→ **Activity**: Repeat, word for word and with nothing added, each line from the one containing "Le Chateau Residences" to the final line of the data, keeping both ends. Pictures are not part of the copy.

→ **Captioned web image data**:
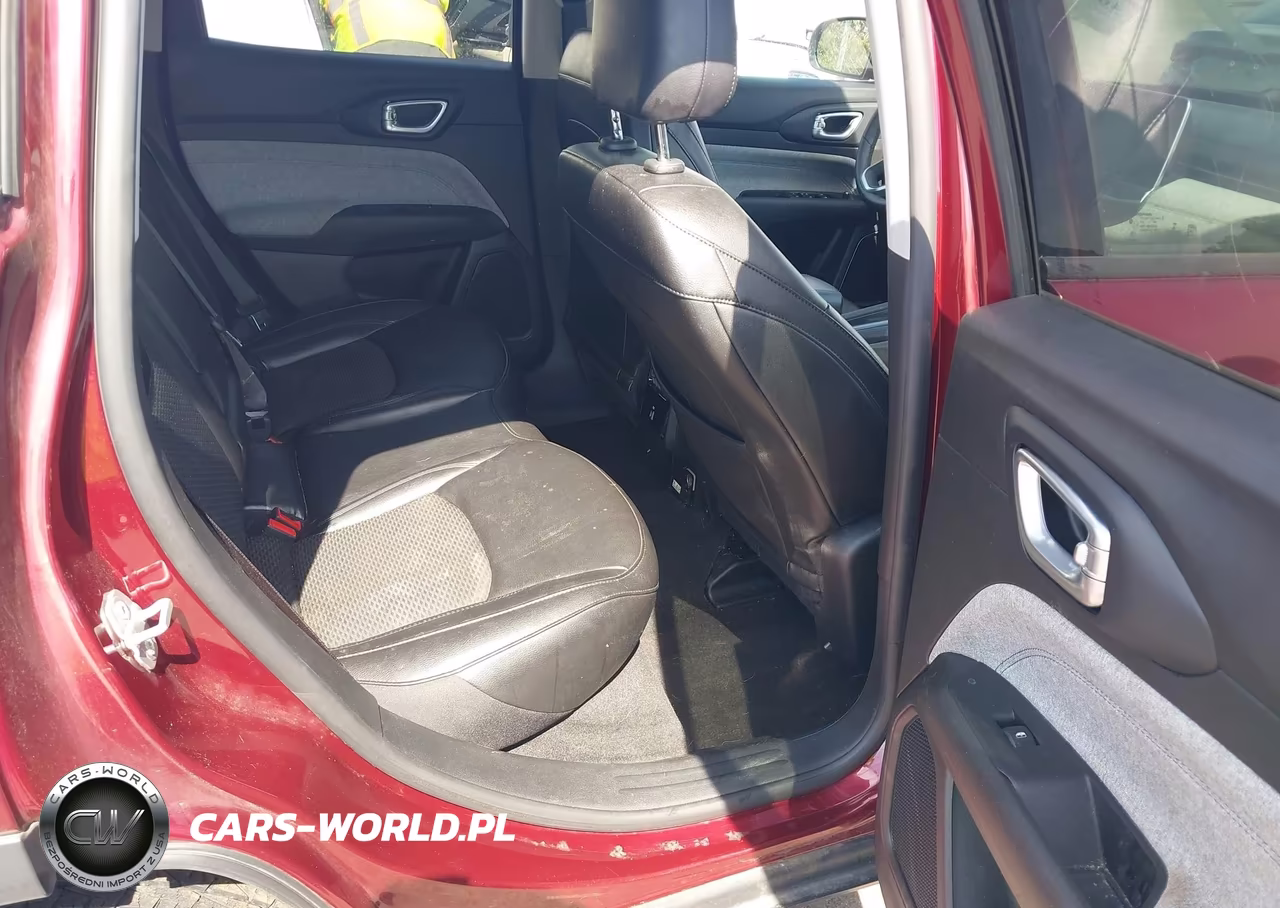 2022 Jeep Compass Latitude 4X4 VIN:3C4NJDBB3NT133497 - 8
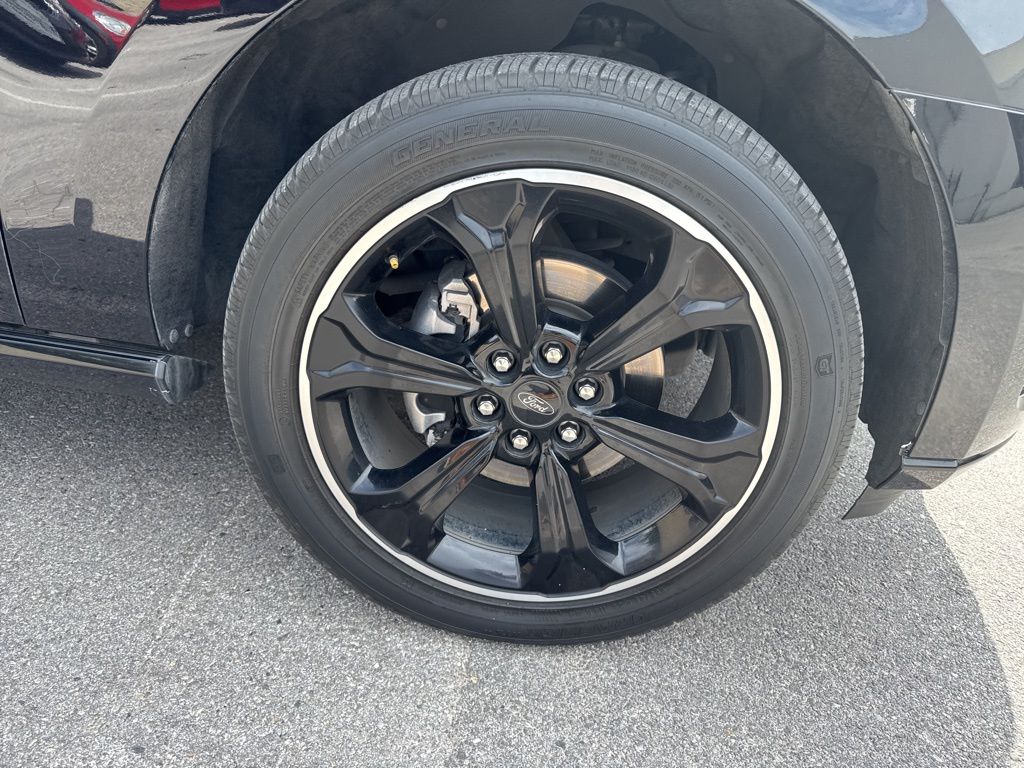 2022 Ford Expedition Limited photo 2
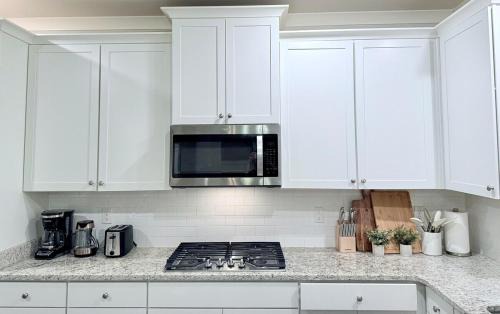 Lawrenceville House | Luxury 5 Bedroom 4 bath open kitchen living room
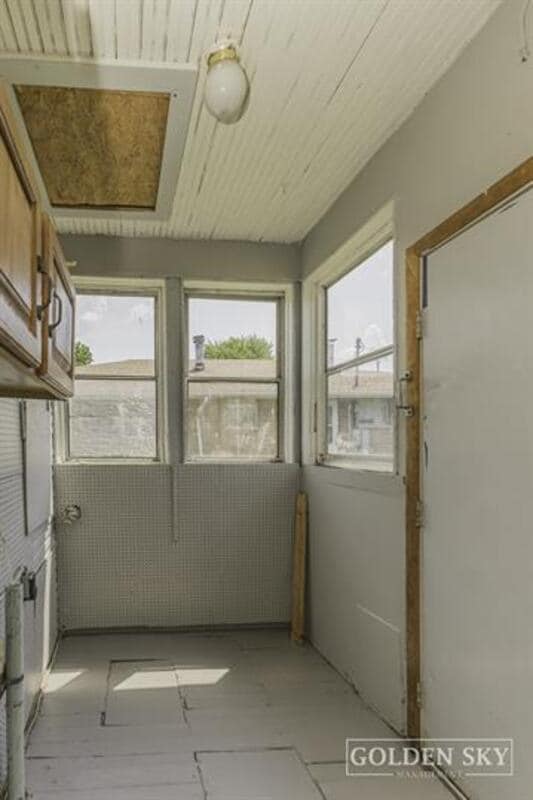 Foto del edificio - 1109 E 8th St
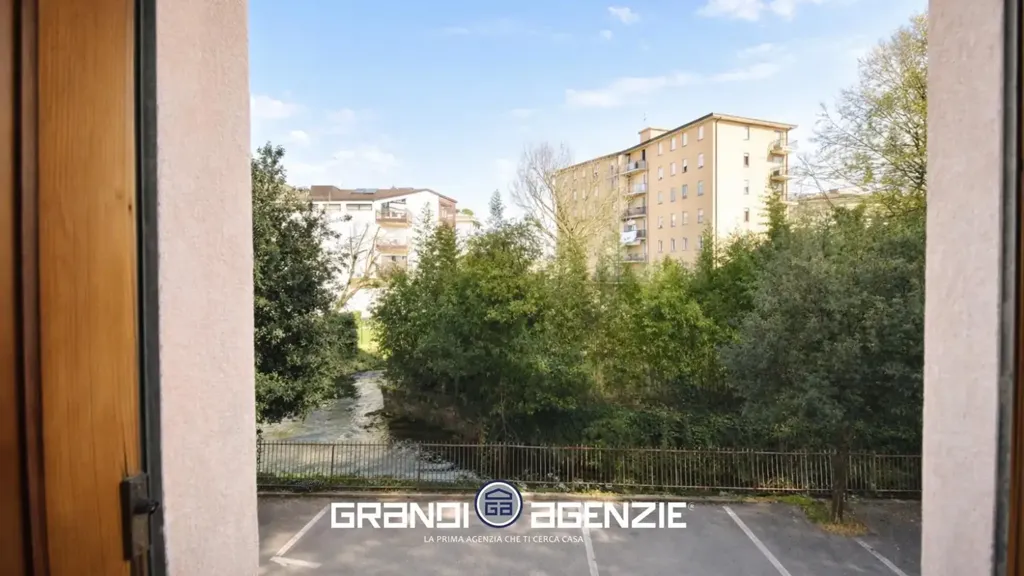 Rõdu - Apartment with River View in Treviso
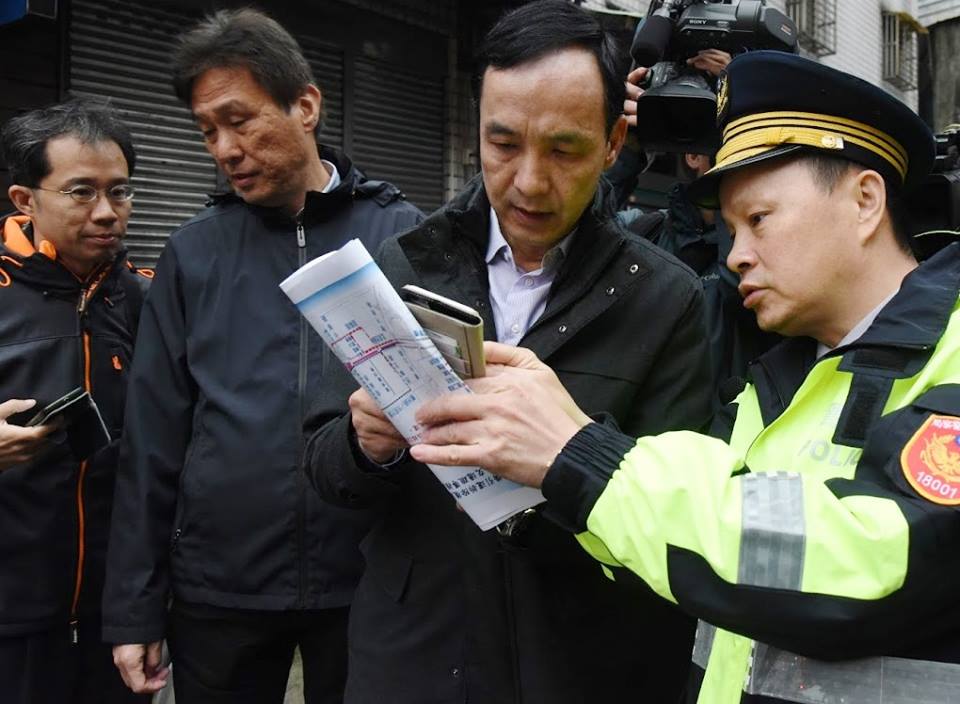 台北市忠孝橋引道拆除工程日前提早完工，15日為新春後第一個上班日，新北市長朱立倫上午7點多便前往忠孝橋下視察。 圖：翻攝自朱立倫臉書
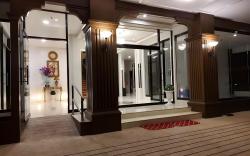 Le Chateau Residences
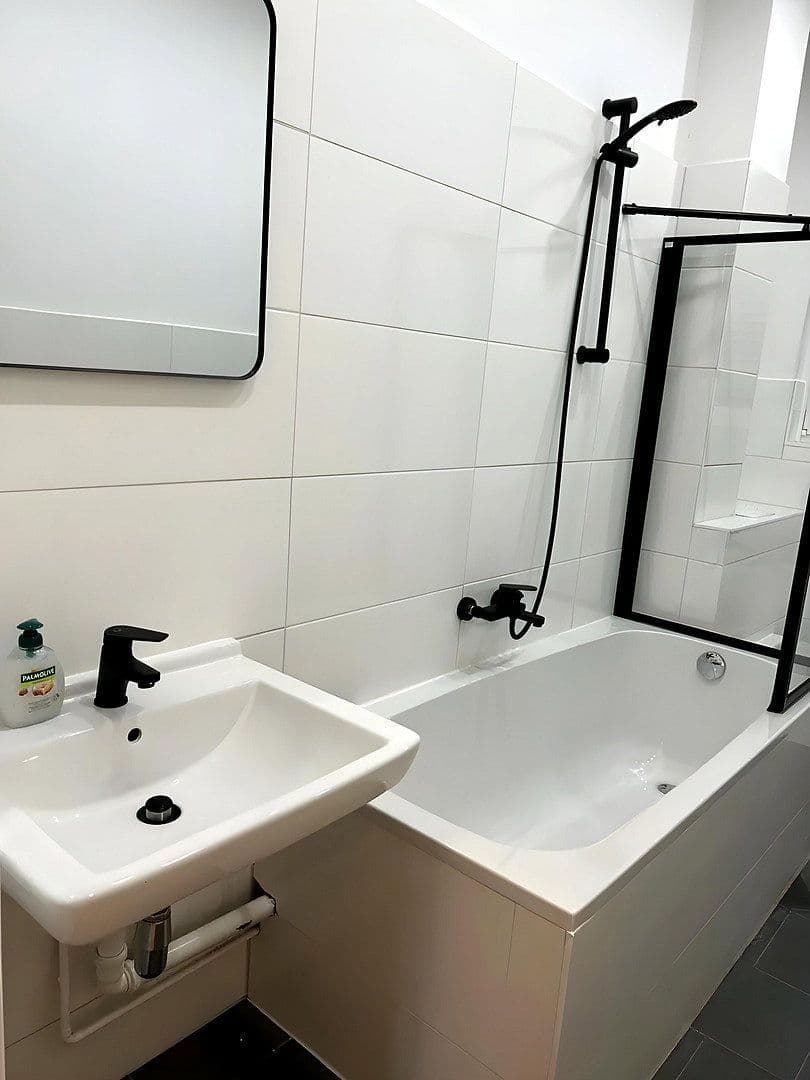 Prenájom bytu 3-izbový 65 m², Suderoder Straße 6, Berlin, Berlín Prenájom bytu 3-izbový 65 m², Suderoder Straße 6, Berlin, Berlín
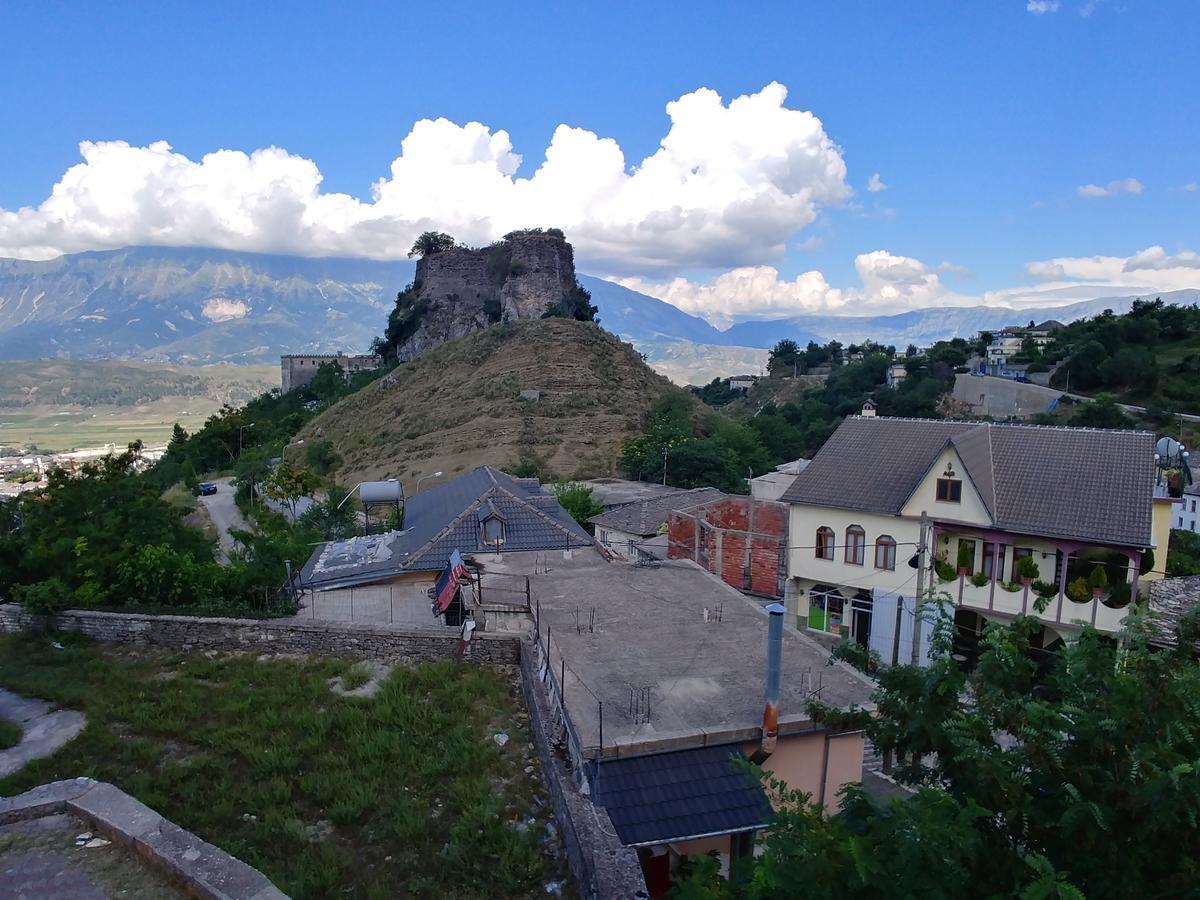 Guest House Urat Gjirokastër Exterior foto
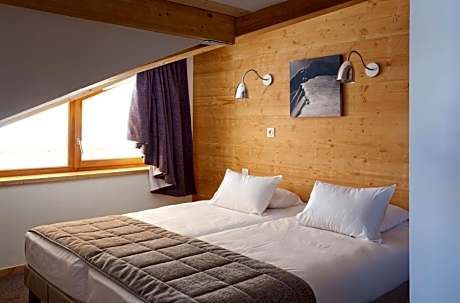 Duplex Apartment (8 Adults)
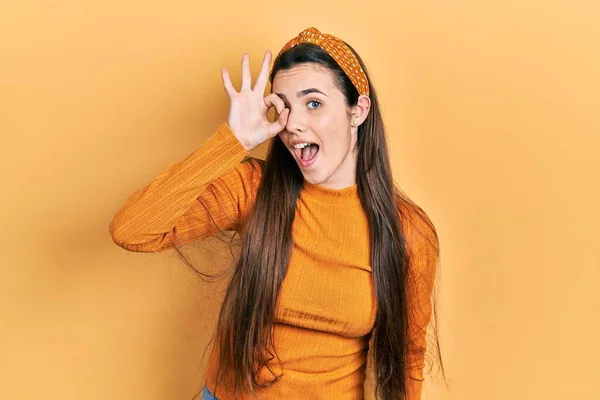 Junge Brünette Teenager Lässigem Gelben Pullover Tun Geste Mit Der — Stockfoto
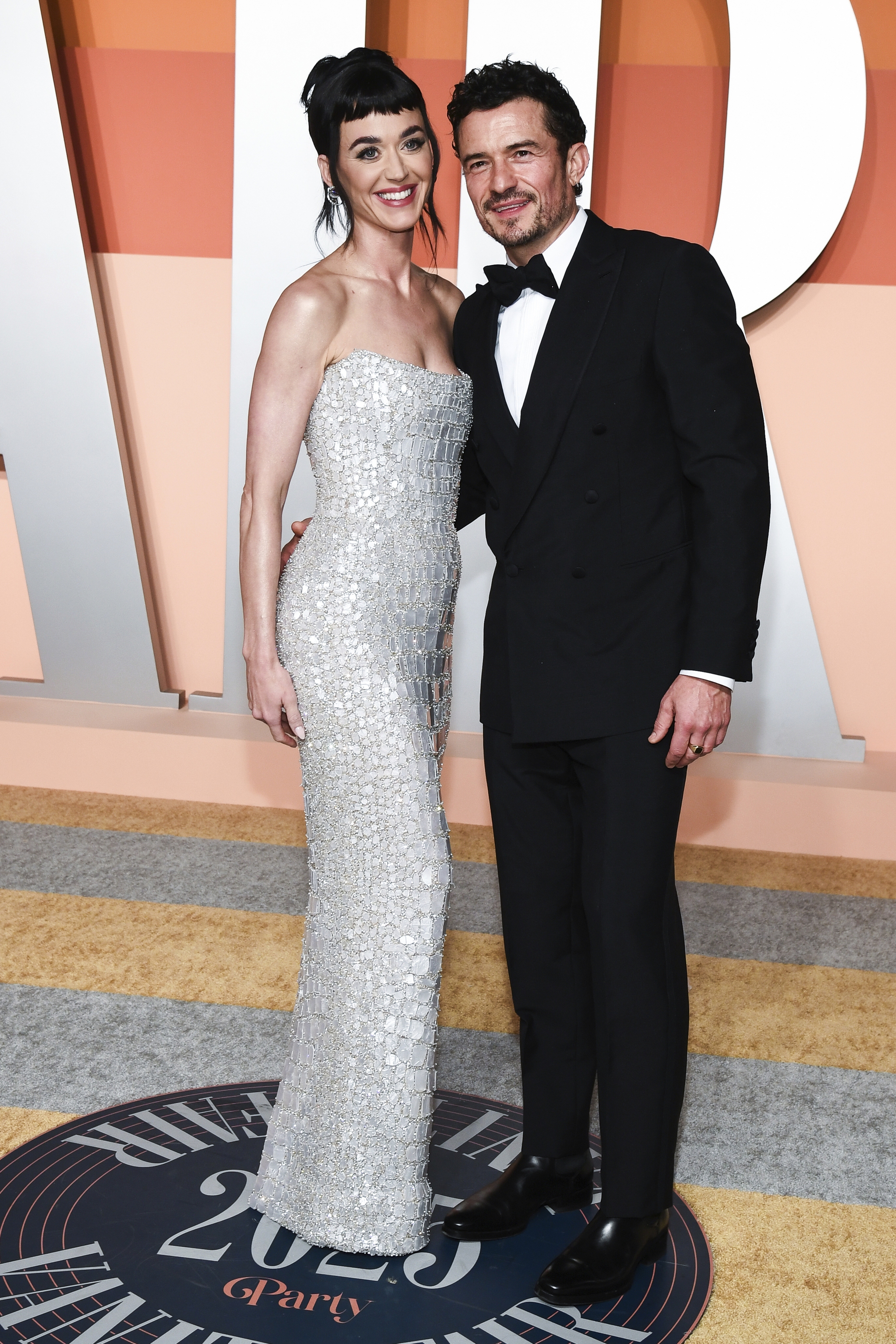 Ca sĩ Katy Perry và tài tử Orlando Bloom đường ai nấy bước- Ảnh 1.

→ **Finished exercise**:
 Le Chateau Residences
 Prenájom bytu 3-izbový 65 m², Suderoder Straße 6, Berlin, Berlín Prenájom bytu 3-izbový 65 m², Suderoder Straße 6, Berlin, Berlín
 Guest House Urat Gjirokastër Exterior foto
 Duplex Apartment (8 Adults)
 Junge Brünette Teenager Lässigem Gelben Pullover Tun Geste Mit Der — Stockfoto
 Ca sĩ Katy Perry và tài tử Orlando Bloom đường ai nấy bước- Ảnh 1.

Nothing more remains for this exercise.